### Exercise
Nothing but an exact copy is asked for: the lines in the material below from the one with "Caja ecológica tapa" through the one with "Kimi Antonelli ORANGE", pictures excluded.

### Data to examine
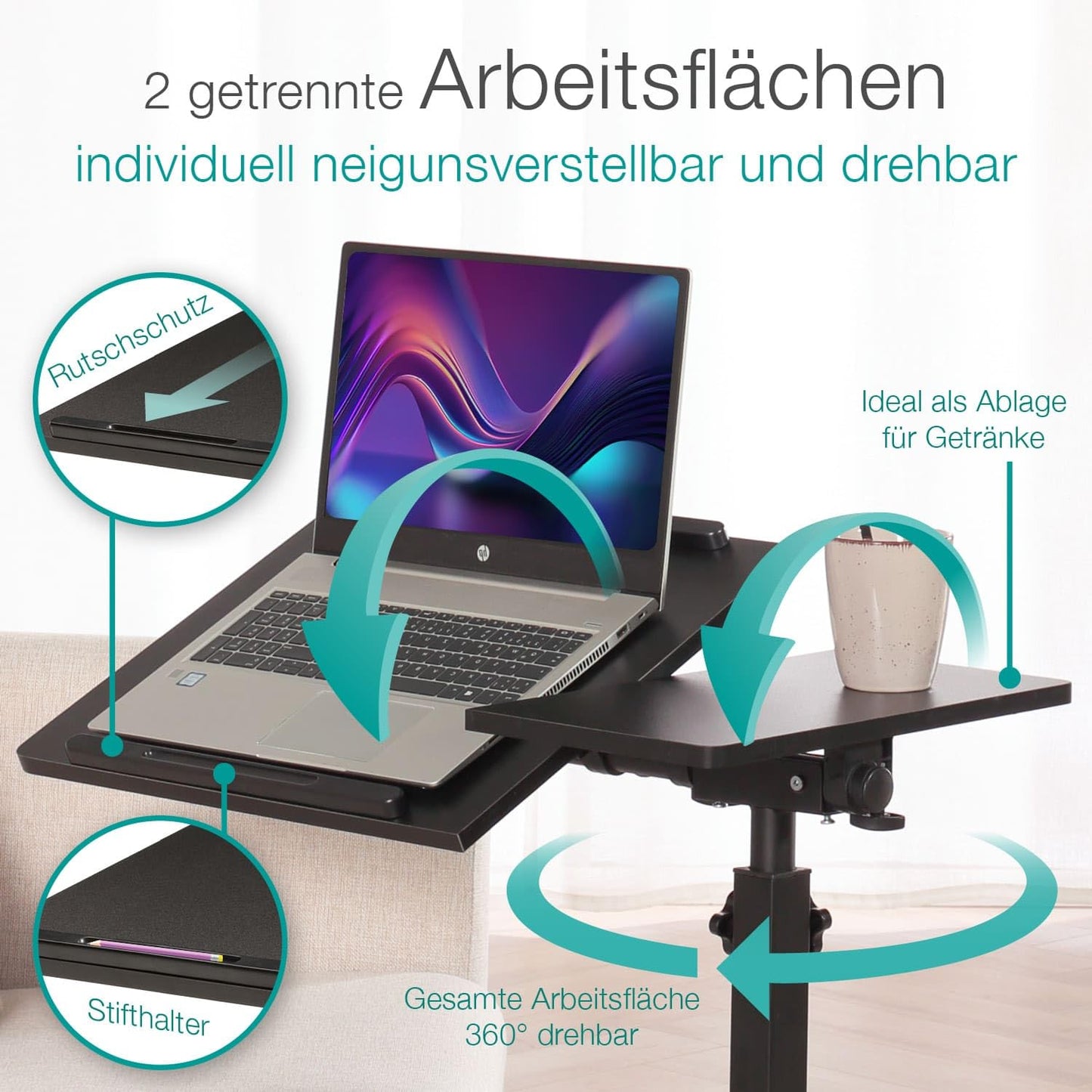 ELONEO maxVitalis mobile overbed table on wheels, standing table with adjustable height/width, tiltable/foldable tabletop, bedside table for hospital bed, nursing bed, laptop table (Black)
---
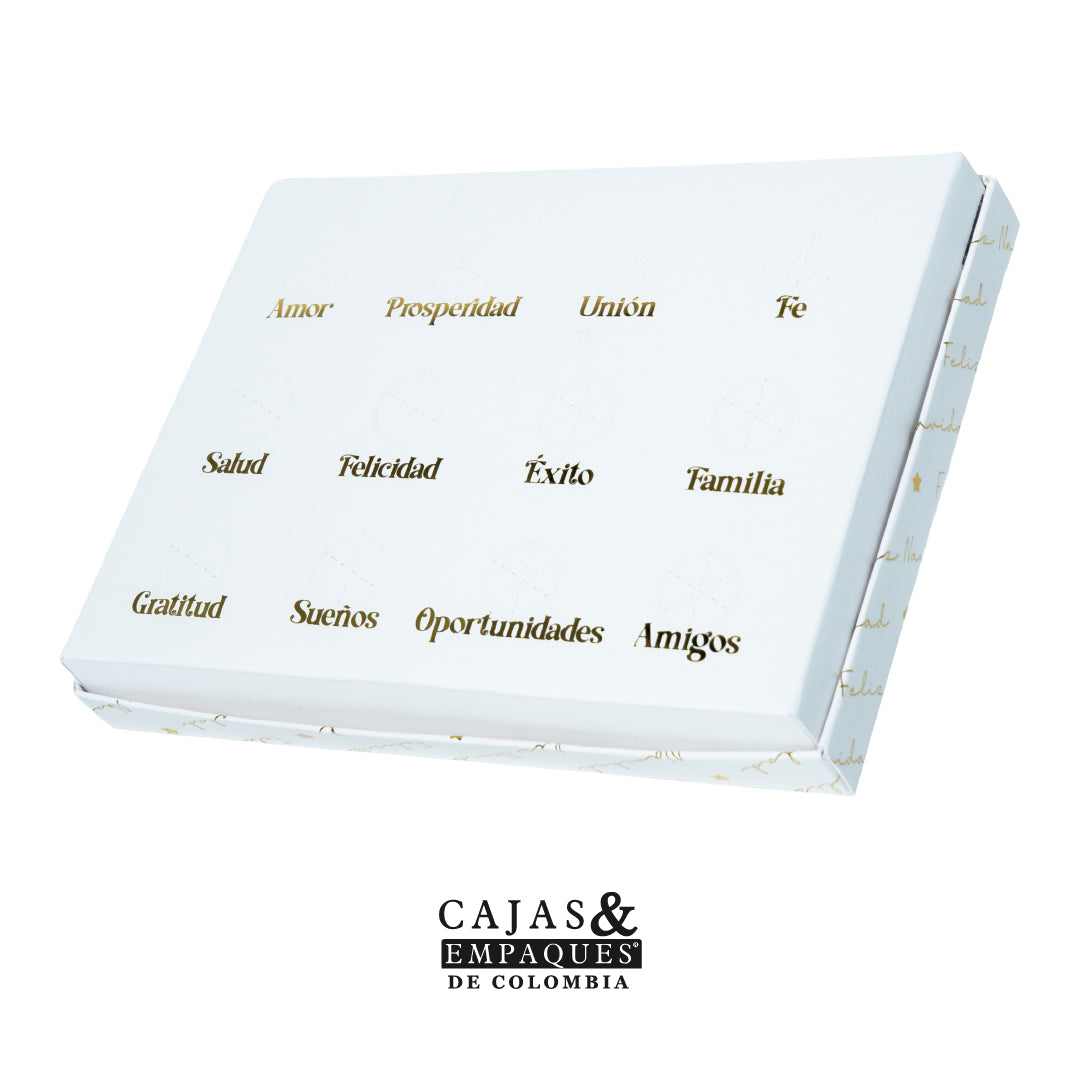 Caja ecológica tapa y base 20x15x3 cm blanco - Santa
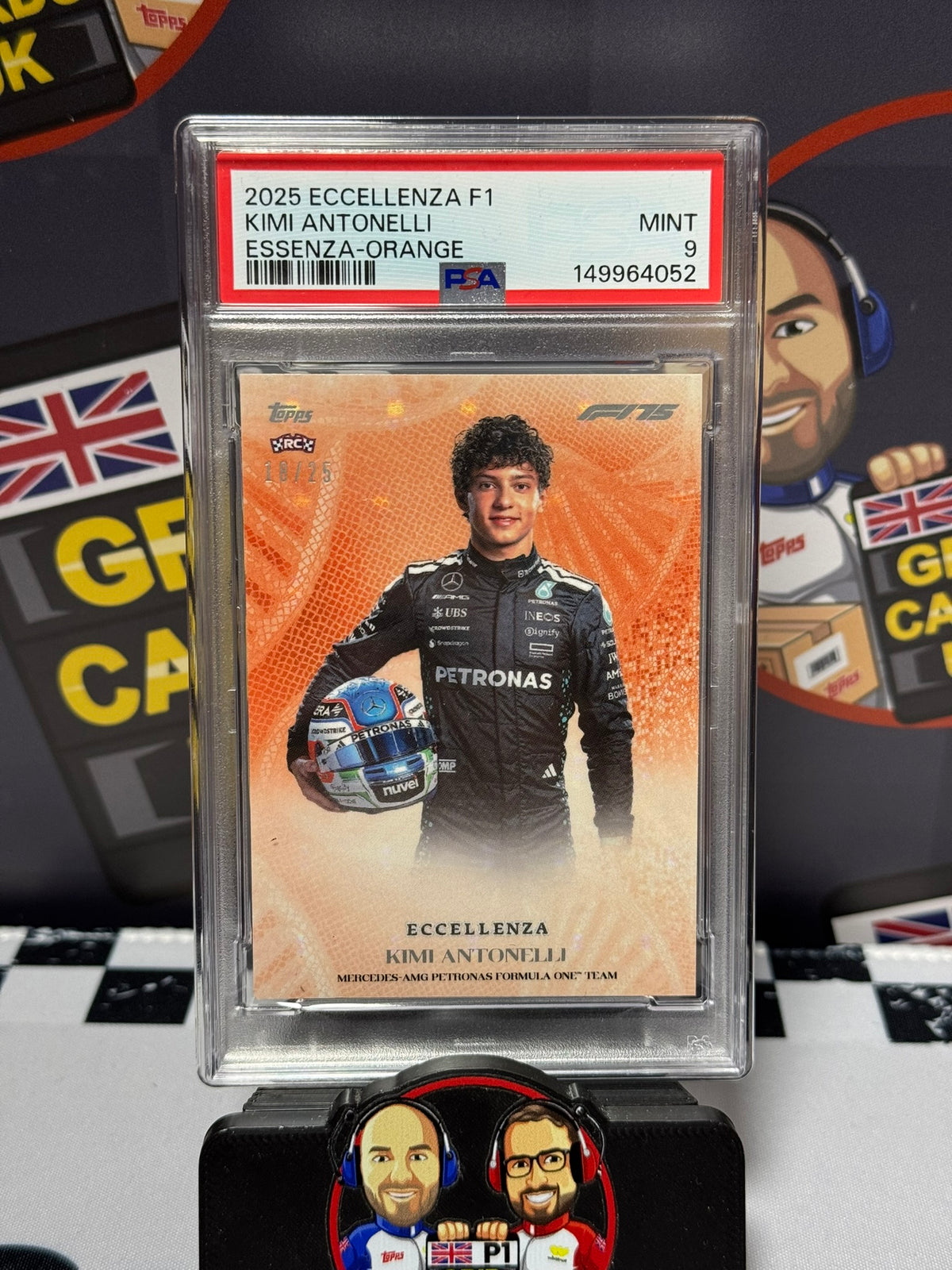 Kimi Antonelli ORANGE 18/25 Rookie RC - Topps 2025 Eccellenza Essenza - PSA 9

### Answer to the exercise
 Caja ecológica tapa y base 20x15x3 cm blanco - Santa
 Kimi Antonelli ORANGE 18/25 Rookie RC - Topps 2025 Eccellenza Essenza - PSA 9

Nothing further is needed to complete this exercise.